Reality and Illusion: "Do Androids Dream of Electric Sheep?" by Philip K. Dick

The one faithful film adaptation of a PKD story I'm aware of was the Linklater version of A Scanner Darkly. All the others take a major conceptual element of the story's basic premise, but then seriously alter the narrative in ways that often make them very different thematically. I really liked the Linklater film, too, because I think the "slavish" recreation of the story does a far better job of presenting the ideas that Dick had in their full nuance and depth than any other film version of his work ever has.) Most other adaptations of his work (there are some I haven't seen) tend to fall far short of that, which is really a shame. I mean, Blade Runner (the 1982 version) is a great movie.
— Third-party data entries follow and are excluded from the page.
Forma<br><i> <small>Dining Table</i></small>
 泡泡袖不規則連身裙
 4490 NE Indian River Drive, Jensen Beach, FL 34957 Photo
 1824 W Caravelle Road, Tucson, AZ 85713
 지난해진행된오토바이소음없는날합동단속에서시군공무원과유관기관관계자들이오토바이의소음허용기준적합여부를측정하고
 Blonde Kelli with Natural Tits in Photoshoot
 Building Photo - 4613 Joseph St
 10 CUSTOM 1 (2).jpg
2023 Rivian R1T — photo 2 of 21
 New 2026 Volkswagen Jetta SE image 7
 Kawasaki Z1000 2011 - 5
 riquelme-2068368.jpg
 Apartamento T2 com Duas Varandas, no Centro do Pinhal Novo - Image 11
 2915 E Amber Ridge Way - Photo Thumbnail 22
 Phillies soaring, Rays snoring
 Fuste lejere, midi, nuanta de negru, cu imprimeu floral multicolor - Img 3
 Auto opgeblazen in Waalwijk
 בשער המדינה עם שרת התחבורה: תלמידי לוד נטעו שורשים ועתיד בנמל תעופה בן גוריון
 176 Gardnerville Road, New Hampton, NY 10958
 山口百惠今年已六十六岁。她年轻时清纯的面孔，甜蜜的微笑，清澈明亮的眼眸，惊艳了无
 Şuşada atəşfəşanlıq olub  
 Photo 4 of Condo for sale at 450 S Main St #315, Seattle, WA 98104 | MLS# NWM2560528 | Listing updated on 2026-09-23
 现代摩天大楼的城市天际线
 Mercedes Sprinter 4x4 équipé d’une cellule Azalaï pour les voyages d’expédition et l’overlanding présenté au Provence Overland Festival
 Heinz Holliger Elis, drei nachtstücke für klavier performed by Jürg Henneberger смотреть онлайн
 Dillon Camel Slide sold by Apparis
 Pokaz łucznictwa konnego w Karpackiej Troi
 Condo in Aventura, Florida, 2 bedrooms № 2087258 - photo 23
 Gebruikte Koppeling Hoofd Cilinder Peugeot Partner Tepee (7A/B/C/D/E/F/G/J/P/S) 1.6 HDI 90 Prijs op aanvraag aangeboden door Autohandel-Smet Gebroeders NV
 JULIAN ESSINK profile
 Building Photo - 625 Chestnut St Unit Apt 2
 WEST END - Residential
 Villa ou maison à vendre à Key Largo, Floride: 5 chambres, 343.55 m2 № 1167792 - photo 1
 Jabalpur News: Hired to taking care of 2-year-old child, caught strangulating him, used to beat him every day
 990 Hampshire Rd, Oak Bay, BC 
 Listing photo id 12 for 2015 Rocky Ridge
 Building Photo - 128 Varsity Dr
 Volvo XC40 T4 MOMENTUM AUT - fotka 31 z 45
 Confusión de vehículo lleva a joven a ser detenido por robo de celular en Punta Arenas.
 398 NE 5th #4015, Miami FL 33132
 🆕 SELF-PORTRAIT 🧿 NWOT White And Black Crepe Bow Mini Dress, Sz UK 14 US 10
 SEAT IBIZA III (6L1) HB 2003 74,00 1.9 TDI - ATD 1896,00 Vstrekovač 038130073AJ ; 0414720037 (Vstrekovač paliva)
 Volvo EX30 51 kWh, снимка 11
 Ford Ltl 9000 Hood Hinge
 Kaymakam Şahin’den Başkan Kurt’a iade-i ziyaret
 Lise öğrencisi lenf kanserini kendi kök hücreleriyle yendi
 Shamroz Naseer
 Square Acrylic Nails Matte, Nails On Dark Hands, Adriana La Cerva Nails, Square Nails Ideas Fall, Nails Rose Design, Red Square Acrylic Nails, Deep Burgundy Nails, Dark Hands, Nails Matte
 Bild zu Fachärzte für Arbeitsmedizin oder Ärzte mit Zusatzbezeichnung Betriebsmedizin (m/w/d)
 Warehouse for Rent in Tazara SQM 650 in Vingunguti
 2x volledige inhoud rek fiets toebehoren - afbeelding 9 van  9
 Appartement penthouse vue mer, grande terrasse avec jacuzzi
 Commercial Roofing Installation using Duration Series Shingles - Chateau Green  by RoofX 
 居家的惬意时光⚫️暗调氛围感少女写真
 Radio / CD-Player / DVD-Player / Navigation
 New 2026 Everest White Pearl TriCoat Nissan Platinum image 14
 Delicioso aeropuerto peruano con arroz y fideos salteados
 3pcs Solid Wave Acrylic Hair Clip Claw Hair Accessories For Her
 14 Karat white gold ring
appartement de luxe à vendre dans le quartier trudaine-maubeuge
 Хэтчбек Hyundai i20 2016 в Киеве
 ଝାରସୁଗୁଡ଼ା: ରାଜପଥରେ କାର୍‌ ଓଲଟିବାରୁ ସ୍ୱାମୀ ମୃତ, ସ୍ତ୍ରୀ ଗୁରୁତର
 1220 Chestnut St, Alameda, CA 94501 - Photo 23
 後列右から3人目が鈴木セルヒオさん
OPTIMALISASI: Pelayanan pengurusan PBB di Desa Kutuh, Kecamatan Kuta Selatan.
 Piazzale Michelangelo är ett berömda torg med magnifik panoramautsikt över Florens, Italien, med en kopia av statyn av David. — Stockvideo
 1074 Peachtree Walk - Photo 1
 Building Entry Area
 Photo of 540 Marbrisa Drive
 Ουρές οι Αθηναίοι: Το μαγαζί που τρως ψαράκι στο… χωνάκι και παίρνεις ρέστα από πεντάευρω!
I like it a lot, but the novel has layers of philosophical depth that the film just doesn't get anywhere near. “Do Androids Dream of Electric Sheep?” is one of Dick's many explorations of what was clearly his favorite philosophical topic, namely "what is the difference between reality and an illusion?" The movie is reasonably accurate in its representation of the basic plot points (a police officer hunts for escaped androids from space colonies, who are illegally living on Earth and posing as humans) but doesn't even attempt to probe the weirder, but more thought-provoking elements of the story--e.g. that the human race is actually going extinct, and that the robots' brains are distinguishable from those of humans by the robots' inability to feel empathy toward living things.